Critical theorists are particularly committed to opposing binary oppositions where one side is seen as privileged over or defining itself against an Other (often capitalized), for example, male/female, Occident/Orient, center/margin. Through such binary oppositions, Homi Bhabha explains, “The Other loses its power to signify, to negate, to initiate its historic desire, to establish its own institutional and oppositional discourse” (1994: 31). Often borrowing maneuvers from deconstruction, critical theorists seek instead to unveil and critique the effort to establish a “sovereign Subject” over and against a constitutive Other.
Gayatri Chakravorty Spivak develops the term into her own concepts of “othering” and “worlding.” In her essay, The Rani of Sirmur, she argues that the turning of foreign lands and people into an Other for the European, colonial master occurs not just in official documents or high culture but also in everyday interactions between colonialists and the indigenous population in India during the nineteenth century. Her point is that “the ‘Colonizing Power’ is far from monolithic—that its class-composition and social positionality are necessarily heterogeneous” (1985: 254). She examines, for example, the letters of a minor functionary, Captain Geoffrey Birch, who through the simple act of traveling across India with a native escort engages “in consolidating the self of Europe by obliging the native to cathect the space of the Other on his home ground.

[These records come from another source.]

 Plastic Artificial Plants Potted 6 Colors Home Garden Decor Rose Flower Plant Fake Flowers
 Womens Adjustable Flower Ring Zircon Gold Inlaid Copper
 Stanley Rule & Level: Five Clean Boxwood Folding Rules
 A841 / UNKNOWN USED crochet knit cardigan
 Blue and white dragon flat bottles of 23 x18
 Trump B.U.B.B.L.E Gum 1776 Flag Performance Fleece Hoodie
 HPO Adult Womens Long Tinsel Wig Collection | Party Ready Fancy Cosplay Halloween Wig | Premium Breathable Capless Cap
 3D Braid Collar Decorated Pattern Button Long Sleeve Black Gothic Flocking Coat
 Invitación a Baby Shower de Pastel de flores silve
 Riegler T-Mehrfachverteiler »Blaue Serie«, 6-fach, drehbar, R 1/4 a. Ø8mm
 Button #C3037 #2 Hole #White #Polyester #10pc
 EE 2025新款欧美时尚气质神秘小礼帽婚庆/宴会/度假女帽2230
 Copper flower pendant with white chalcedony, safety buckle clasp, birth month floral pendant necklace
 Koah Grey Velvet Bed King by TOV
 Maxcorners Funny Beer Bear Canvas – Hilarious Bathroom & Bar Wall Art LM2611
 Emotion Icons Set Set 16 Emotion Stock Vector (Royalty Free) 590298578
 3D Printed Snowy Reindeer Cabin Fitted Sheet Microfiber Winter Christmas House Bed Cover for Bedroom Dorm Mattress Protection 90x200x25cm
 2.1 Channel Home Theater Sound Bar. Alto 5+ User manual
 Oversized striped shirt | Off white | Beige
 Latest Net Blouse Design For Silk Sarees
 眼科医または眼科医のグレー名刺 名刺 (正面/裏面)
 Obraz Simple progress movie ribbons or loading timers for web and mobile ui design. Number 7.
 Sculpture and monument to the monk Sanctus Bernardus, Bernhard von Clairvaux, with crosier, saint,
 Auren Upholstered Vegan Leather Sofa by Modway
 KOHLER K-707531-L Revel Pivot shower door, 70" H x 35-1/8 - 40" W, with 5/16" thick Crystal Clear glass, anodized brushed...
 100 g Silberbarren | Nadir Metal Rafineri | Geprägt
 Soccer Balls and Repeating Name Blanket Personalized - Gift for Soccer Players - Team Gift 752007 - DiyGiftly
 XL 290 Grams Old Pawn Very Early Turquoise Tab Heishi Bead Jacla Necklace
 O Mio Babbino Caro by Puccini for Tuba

He is worlding their own world, which is far from mere uninscribed earth, anew, by obliging them to domesticate the alien as Master” (253). She borrows the term “worlding” from Martin Heidegger’s essay, “The Origin of the Work of Art,” where Heidegger suggests that a work of art establishes a world over and against the earth (understood as yet “uninscribed”). Spivak’s point is that, when one is talking about colonial occupation, the European Subject “worlds” or violently recreates the already inscribed or meaningful world of the native subject, thus making him “Other,” and that this act occurs at all levels of society: “What I am trying to insist on here is that the agents of this cartographic transformation in the narrow sense are not only great names like Vincent Van Gogh, but small unimportant folk like Geoffrey Birch, as well as the policymakers. I am also suggesting that the necessary yet contradictory assumption of an uninscribed earth which is the condition of possibility of the worlding of a world generates the force to make the ‘native’ see himself as ‘other’” (253–54). Through the mere act of traveling across the Indian landscape, “the figure of the European on the hills is being reinscribed from stranger to Master, to the sovereign as Subject with a capital S, even as the native shrinks into the consolidating subjected subject in the lower case” (254).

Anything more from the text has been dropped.